— Information shown —
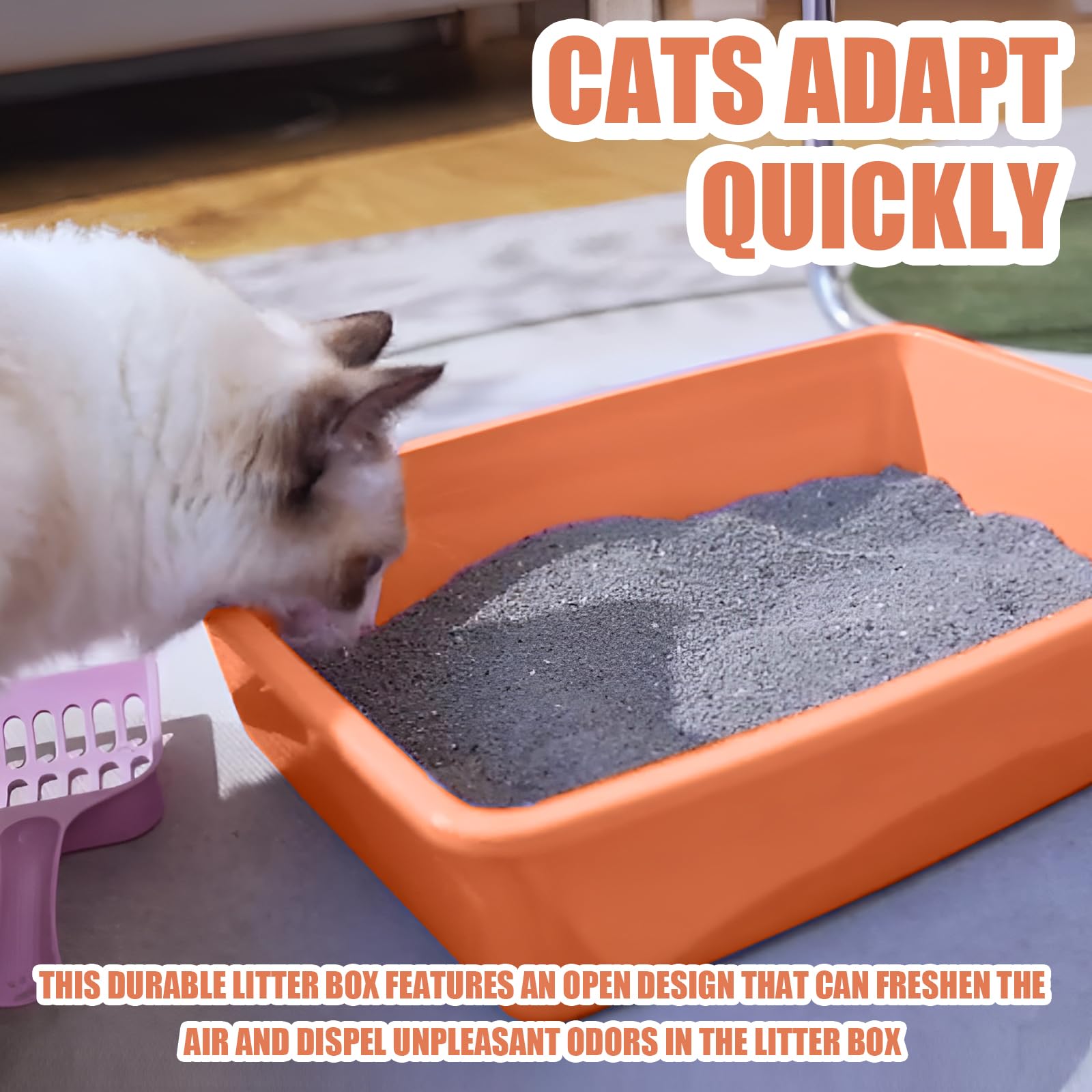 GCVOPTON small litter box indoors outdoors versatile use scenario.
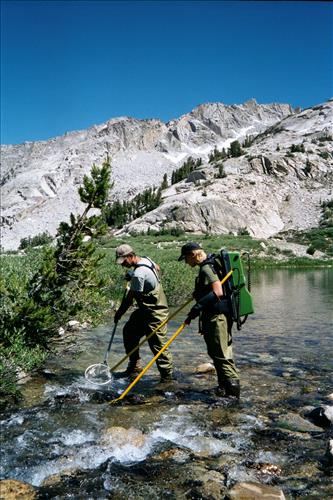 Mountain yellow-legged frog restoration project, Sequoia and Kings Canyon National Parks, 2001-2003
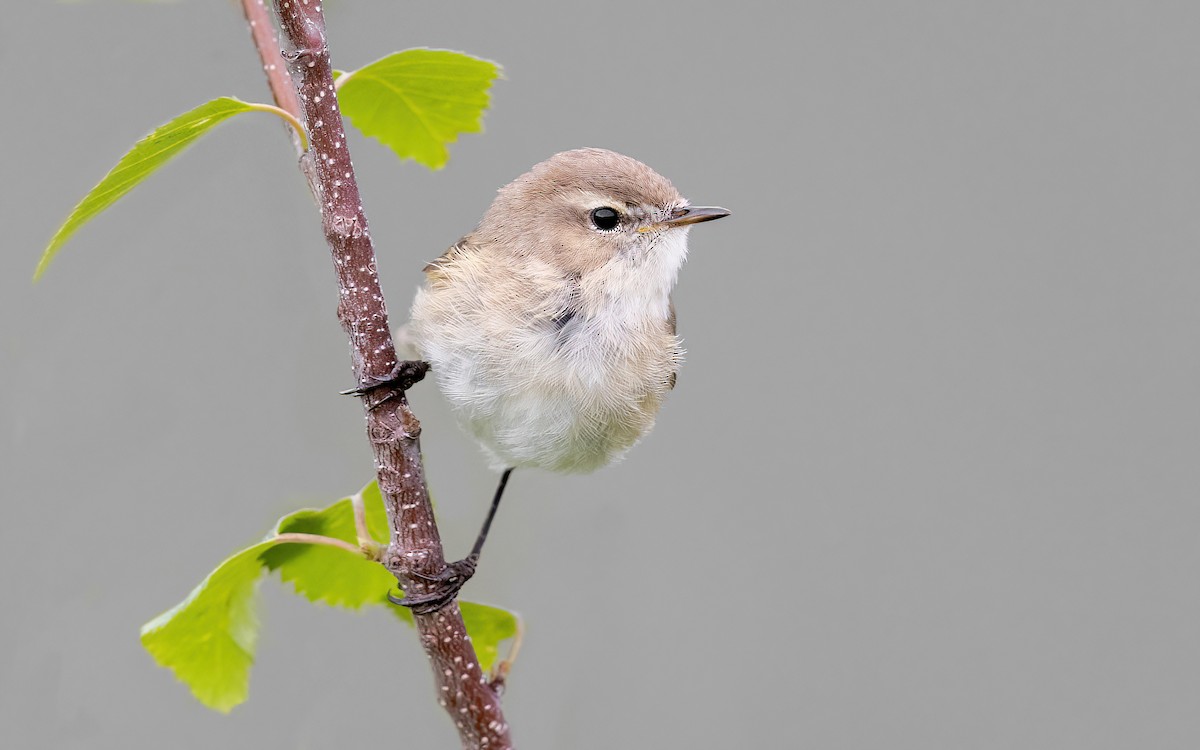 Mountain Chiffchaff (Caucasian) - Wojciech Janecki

— To do —
Please set down the whole listing exactly, apart from the pictures.

— Result of the exercise —
 GCVOPTON small litter box indoors outdoors versatile use scenario.
 Mountain yellow-legged frog restoration project, Sequoia and Kings Canyon National Parks, 2001-2003
 Mountain Chiffchaff (Caucasian) - Wojciech Janecki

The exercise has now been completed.